#### Supplied records ####
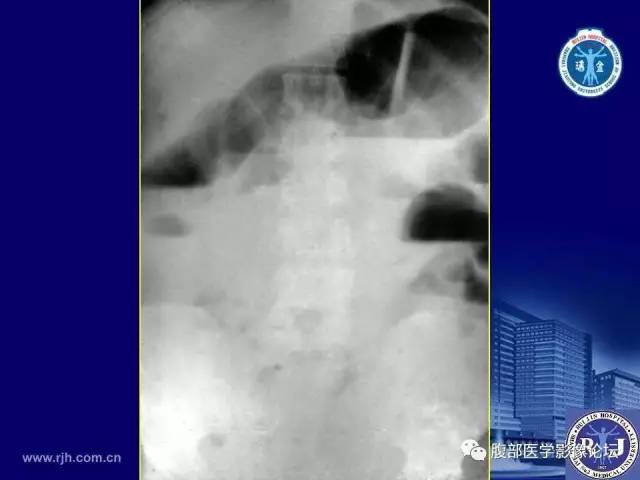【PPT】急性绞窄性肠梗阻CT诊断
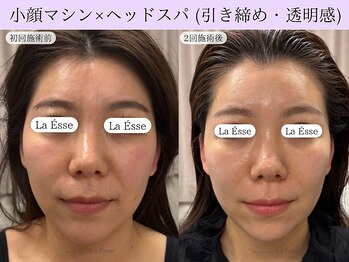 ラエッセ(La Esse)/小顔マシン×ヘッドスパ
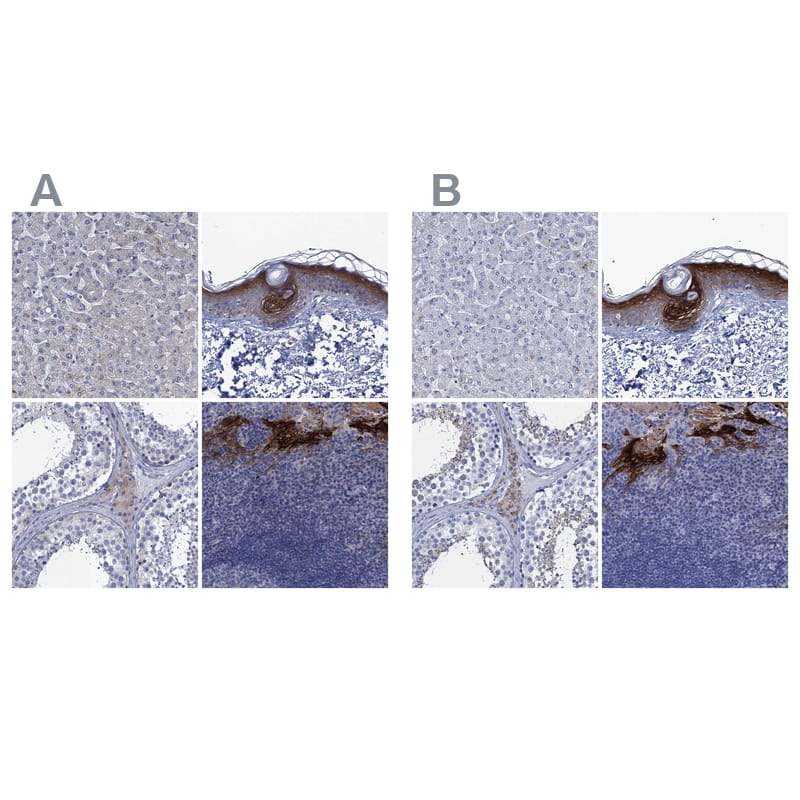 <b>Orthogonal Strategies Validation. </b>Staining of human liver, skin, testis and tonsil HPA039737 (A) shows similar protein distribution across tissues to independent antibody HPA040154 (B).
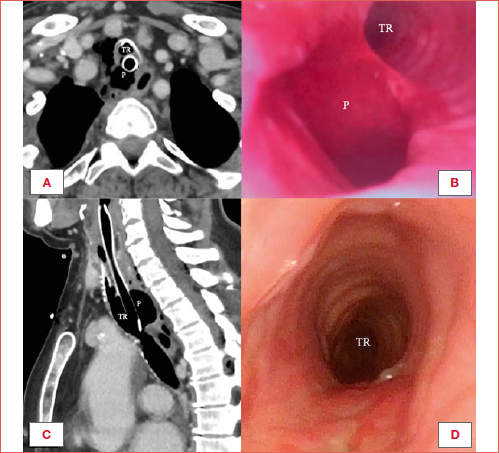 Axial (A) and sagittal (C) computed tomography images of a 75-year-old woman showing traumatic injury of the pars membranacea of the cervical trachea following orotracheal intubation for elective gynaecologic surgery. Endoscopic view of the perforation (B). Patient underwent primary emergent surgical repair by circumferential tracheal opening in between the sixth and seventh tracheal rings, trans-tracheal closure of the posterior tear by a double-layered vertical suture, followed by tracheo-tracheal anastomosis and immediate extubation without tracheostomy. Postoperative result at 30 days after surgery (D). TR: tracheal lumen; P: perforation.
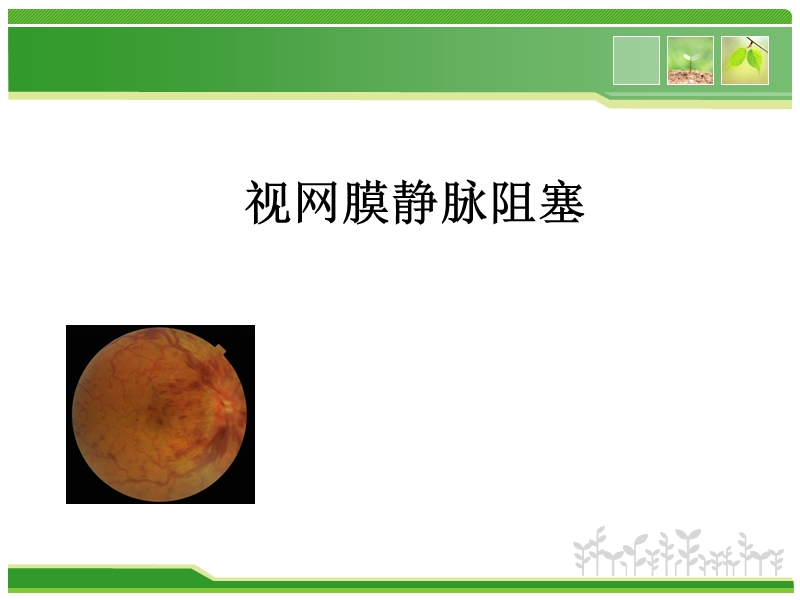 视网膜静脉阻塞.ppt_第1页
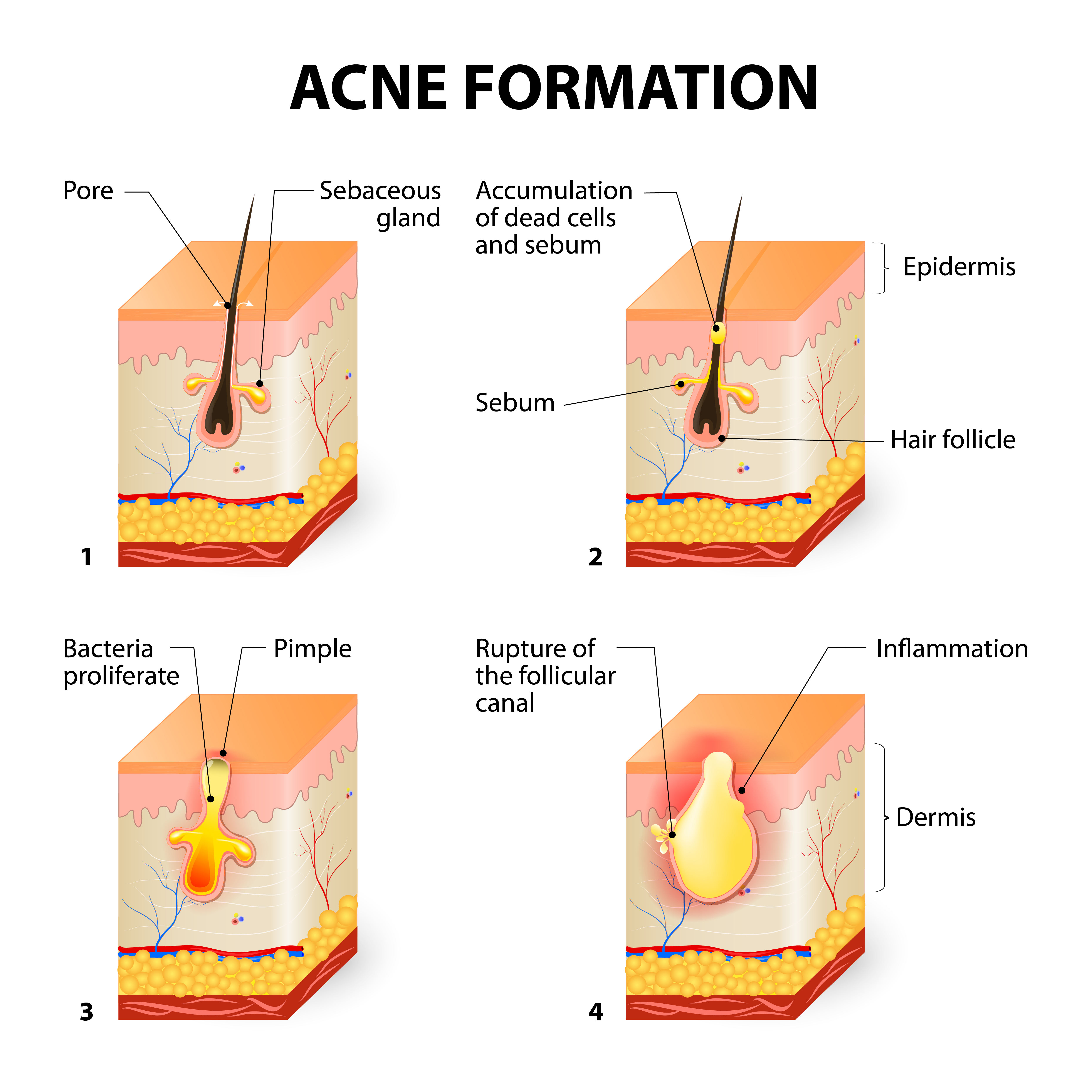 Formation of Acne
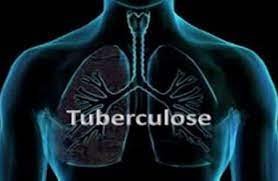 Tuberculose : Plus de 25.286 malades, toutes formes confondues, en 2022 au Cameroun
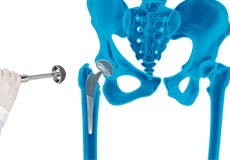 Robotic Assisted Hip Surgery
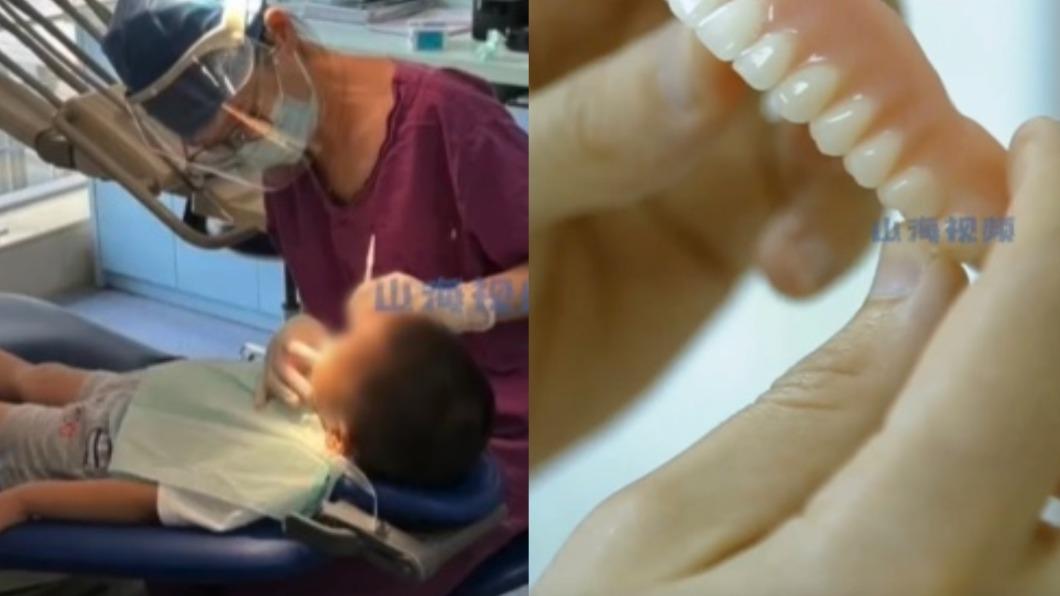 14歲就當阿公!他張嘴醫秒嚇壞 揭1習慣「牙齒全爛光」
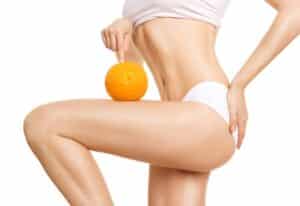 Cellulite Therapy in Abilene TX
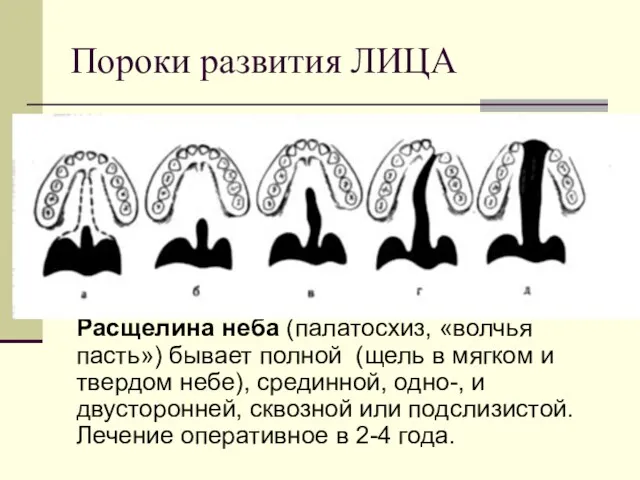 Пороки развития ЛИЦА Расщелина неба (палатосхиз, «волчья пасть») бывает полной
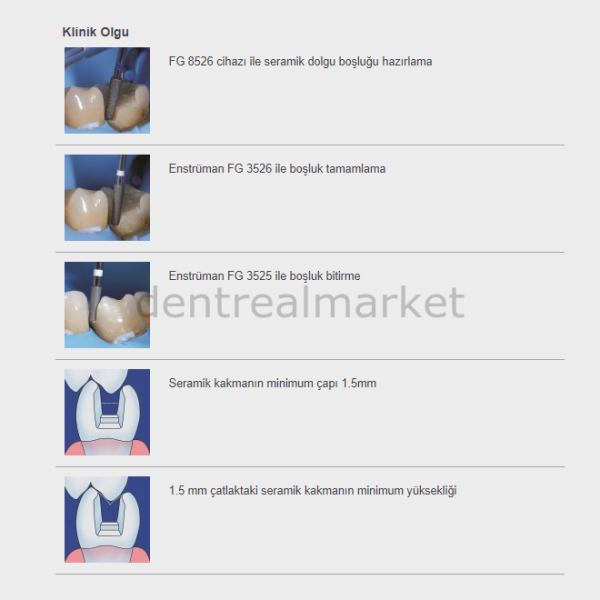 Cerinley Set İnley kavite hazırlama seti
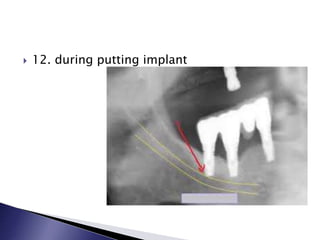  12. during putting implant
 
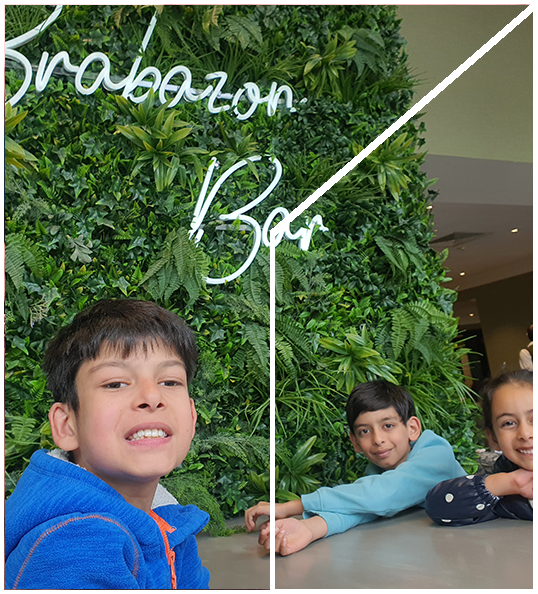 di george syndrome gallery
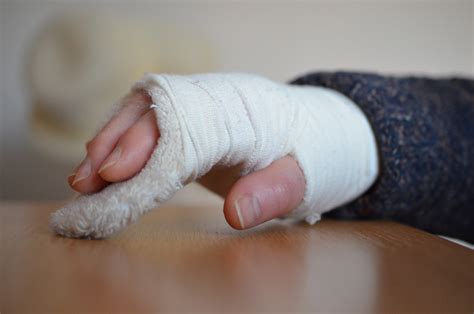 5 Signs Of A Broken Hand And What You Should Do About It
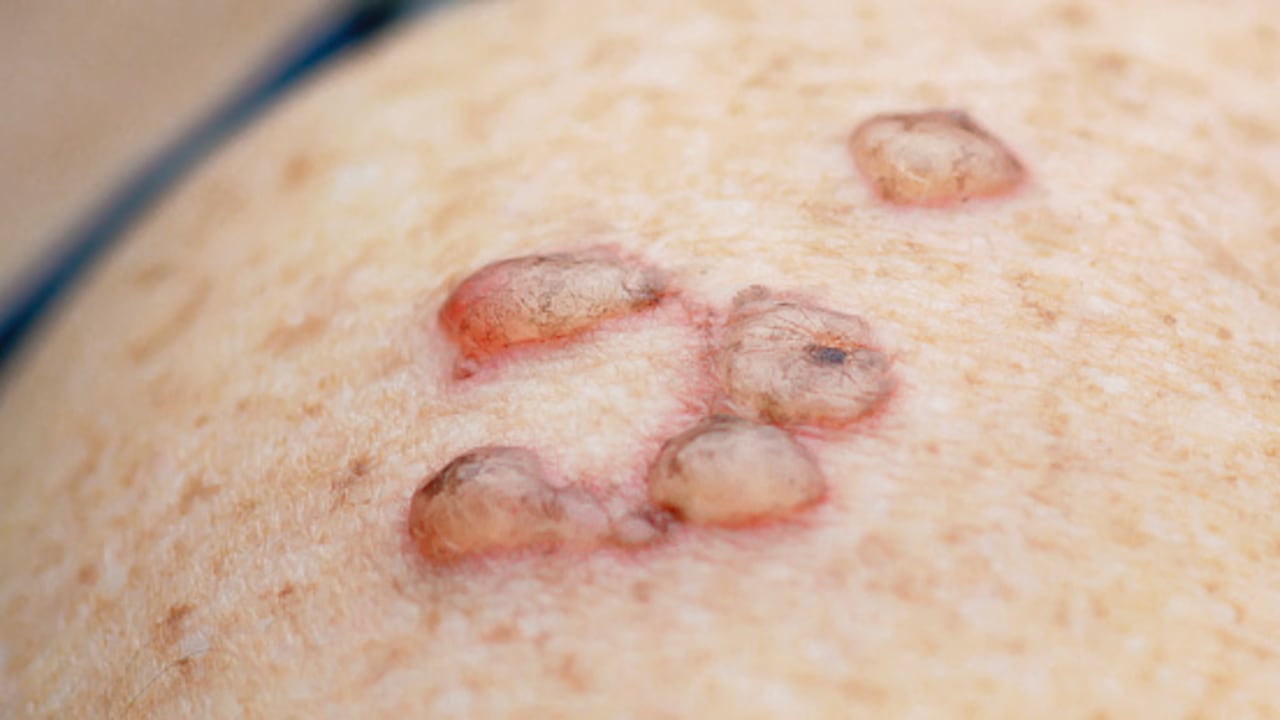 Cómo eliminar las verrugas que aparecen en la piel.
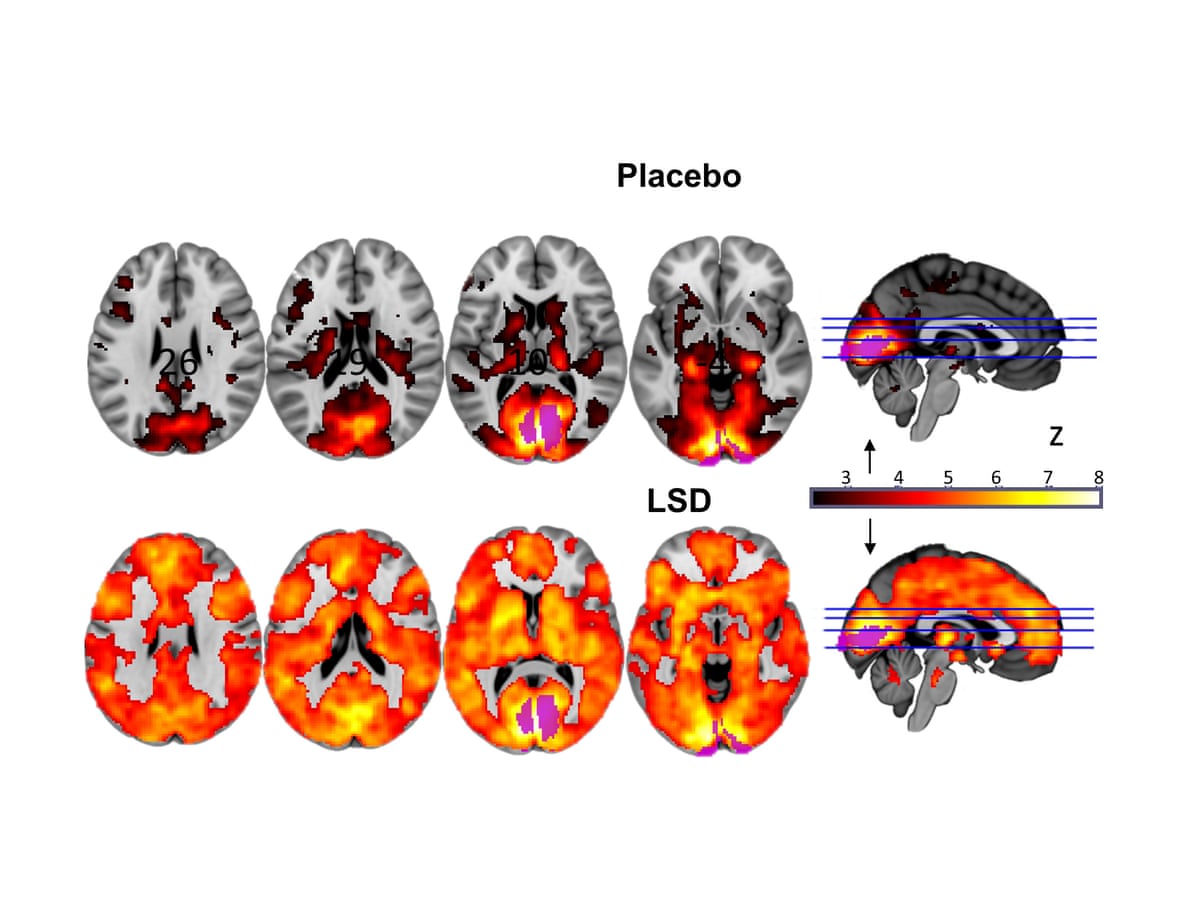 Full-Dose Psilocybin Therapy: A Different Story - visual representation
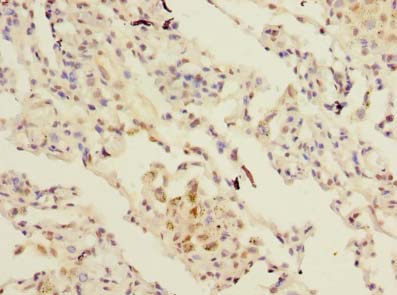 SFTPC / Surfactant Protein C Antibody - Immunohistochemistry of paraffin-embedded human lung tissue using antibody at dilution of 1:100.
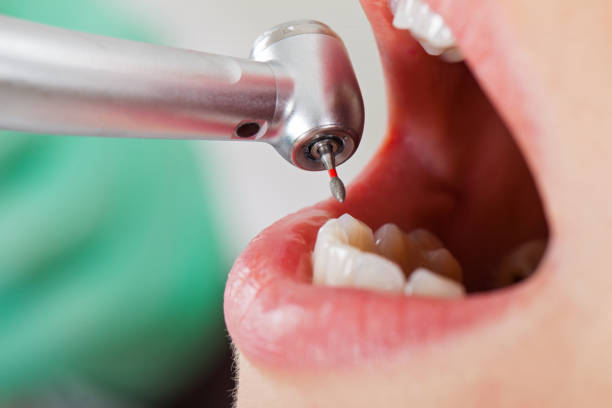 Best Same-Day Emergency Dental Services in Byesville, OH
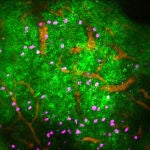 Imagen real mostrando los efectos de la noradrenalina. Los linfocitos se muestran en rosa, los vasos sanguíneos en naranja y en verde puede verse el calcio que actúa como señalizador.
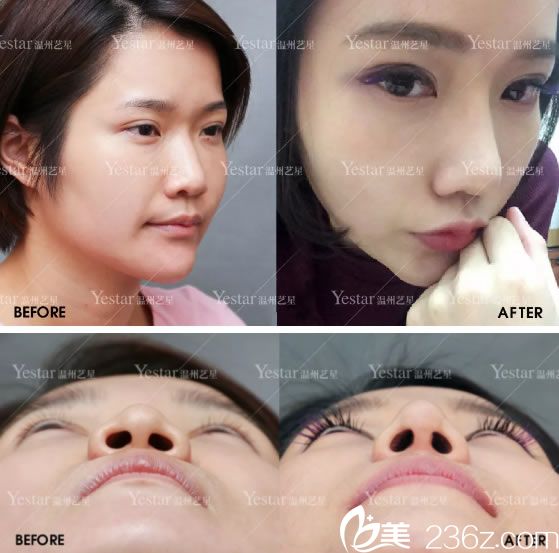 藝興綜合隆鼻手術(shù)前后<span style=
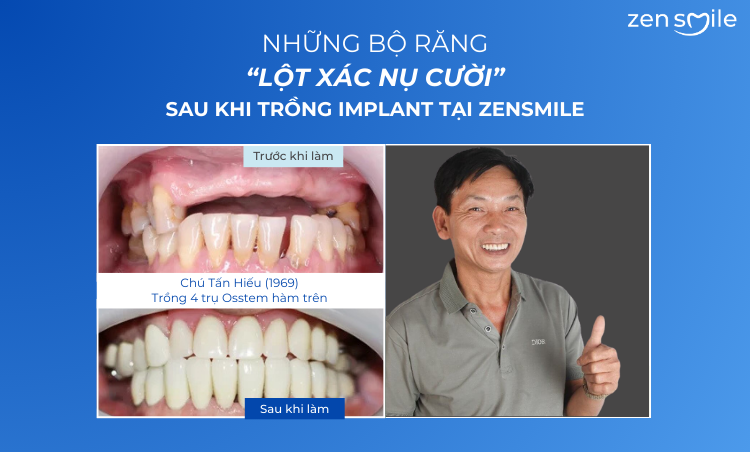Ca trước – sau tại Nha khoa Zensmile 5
####
Task directions: From the line with "ラエッセ(La Esse)/小顔マシン×ヘッドスパ" up to and including the line with "<b>Orthogonal Strategies Validation." above, retype every line exactly and nothing more; leave out the pictures.

Exercise result:
 ラエッセ(La Esse)/小顔マシン×ヘッドスパ
 <b>Orthogonal Strategies Validation. </b>Staining of human liver, skin, testis and tonsil HPA039737 (A) shows similar protein distribution across tissues to independent antibody HPA040154 (B).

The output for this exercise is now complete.